On the other hand, Gen. Patton showed a totally different, chivalrous behaviour towards his prisioners, and treated them accordingly, in a stark contrast with Eisenhower.

I have heard of Bacque's claims before, and yes, they are controversial -- and it is not just because Americans don't like hearing bad things about Eisenhower. His claims are just not well supported:

1. The German government doesn't support them. "1 year after the last acknowledged German PoW was released by the Soviets (1956), the West German government set up the "Scientific Commission for the History of German Prisoners of War," (sometimes called the "Maschke Commission") . They spent the next 16 years tracking the fate of German PoWs in various countries, publishing their results in 22 books. They noted Western mistreatment of German PoWs in 1945, but, studying the 6 worst camps that held 560,000 PoWs, estimated deaths from 3,000-9000, in the range of 1%." (http://www.cyberussr.com/hcunn/for/us-germany-pow.html)

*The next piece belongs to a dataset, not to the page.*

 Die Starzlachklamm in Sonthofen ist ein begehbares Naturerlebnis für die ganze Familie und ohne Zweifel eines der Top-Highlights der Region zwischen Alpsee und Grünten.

2. Eisenhower could not have done this alone. Why haven't the soldiers who carried out the policy spoken about it? Even if you say that they stayed quiet because they were worried about being prosecuted for war crimes, enough people would have seen it who were not responsibile (British, Canadian, and French troops for example). Some of them would have spoken out in the 50+ years since the war.

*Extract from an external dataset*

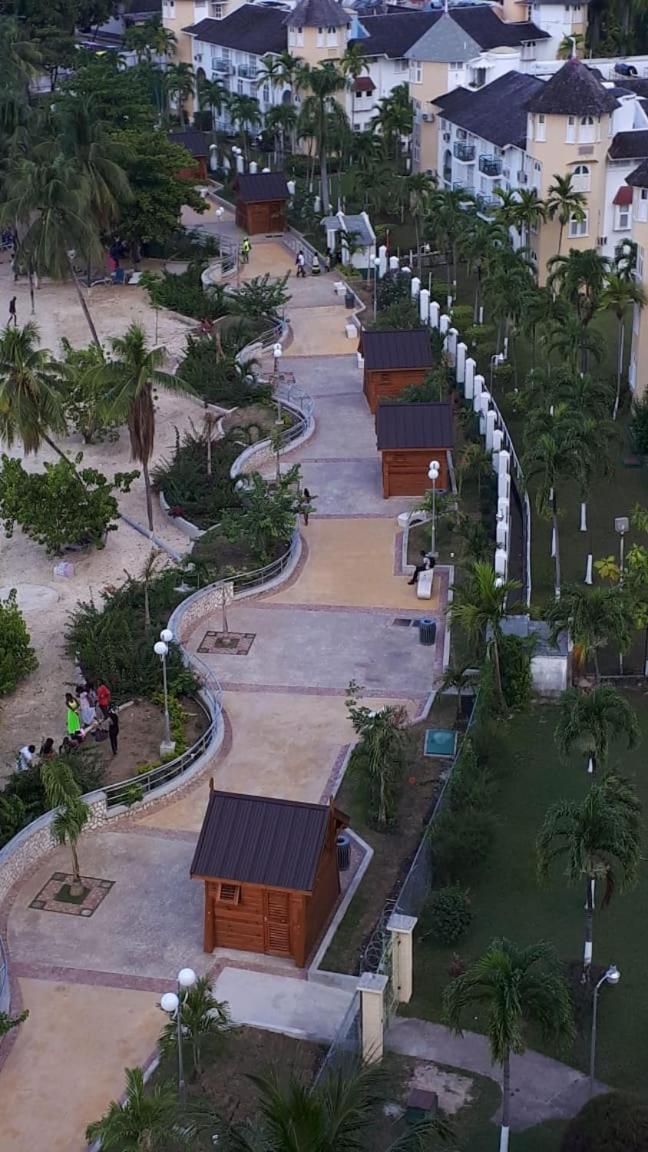 Mcfarlane'S Place Ocho Rios Exterior photo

3. If no German POW in Eisenhower's control was being fed, under penalty of death, how did they survive? Scavenging? Eating their boots? Or is the claim that they all died?

Bacque also ignores the context in which the events took place.

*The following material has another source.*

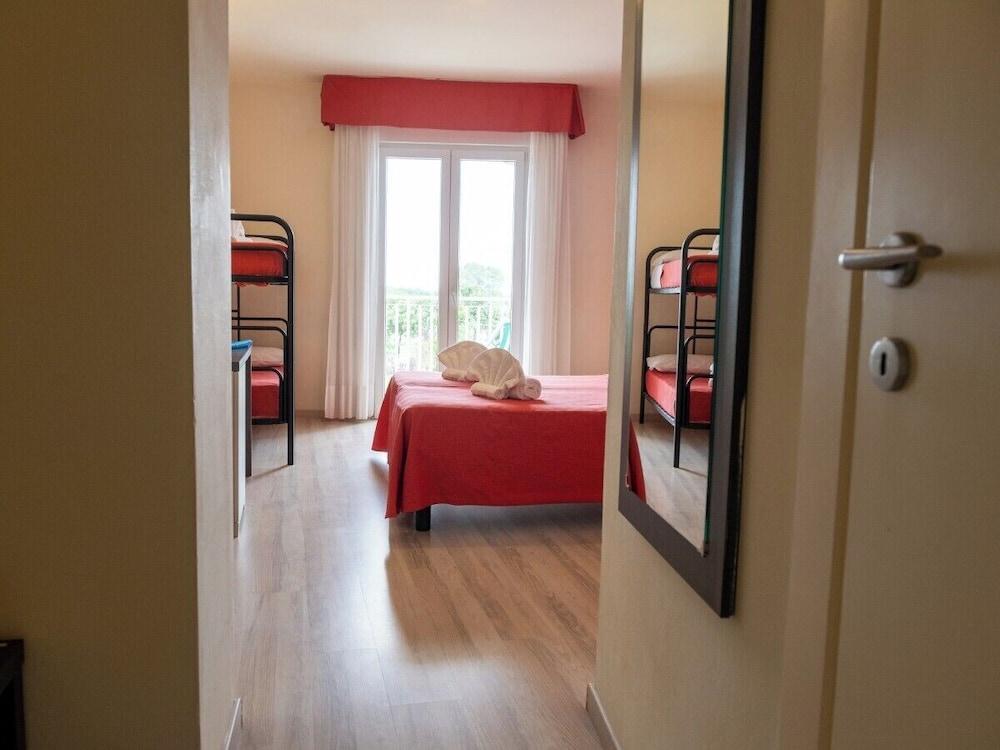 Family Hotel Alexander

1. The German civilian population was living on very short rations too. German agriculture had been relying on slave labor which was now gone. Tractors, draft animals, fertilizer, etc. -- all were gone.

2. The Germans had been very hard on civilians in the territories they had occupied. Eisenhower had seen first-hand how the Germans had treated the civilian population in Holland. This is without considering the impact of the recent liberation of the concentration camps. There was a strong desire in the US military to make the Germans face how they had treated people they had conquered.

3. Germany had lost 40% of its housing stock. Housing civilians was a problem too.

4. Germany's transport network was in ruins, which made it harder to move food to people, people to housing, etc.

5. 10+ million German civilians had fled from eastern to western Germany ahead of the Soviets.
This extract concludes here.